**PROBLEM DESCRIPTION:**
From the records below, report the number of lines that contain "Stainless", and add nothing.

**MATERIAL TO PROCESS:**
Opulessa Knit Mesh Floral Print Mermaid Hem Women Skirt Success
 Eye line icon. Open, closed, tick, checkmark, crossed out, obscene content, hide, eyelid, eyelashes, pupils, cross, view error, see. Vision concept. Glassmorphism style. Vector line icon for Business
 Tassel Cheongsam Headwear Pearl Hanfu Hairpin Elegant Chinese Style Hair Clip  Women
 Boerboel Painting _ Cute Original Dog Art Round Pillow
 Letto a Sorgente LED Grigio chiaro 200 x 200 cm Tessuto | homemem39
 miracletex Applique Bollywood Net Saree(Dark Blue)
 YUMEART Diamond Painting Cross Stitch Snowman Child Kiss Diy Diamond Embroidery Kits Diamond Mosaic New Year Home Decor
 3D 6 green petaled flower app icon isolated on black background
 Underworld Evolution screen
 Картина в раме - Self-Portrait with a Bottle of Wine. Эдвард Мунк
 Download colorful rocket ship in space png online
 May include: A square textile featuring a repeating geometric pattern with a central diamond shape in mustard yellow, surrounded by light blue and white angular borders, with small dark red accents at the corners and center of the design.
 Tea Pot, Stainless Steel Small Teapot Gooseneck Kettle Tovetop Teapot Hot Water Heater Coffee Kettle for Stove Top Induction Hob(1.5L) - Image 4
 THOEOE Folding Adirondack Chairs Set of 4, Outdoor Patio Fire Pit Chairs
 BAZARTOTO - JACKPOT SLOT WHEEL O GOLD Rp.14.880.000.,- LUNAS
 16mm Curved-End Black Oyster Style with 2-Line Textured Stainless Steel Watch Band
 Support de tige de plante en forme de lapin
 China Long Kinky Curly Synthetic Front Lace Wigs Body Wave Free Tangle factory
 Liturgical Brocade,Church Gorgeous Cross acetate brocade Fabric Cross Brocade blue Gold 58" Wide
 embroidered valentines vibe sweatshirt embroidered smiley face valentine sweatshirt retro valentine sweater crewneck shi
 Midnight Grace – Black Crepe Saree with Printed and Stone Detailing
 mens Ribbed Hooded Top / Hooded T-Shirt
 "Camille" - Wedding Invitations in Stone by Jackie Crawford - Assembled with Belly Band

**EXPECTED OUTPUT:**
2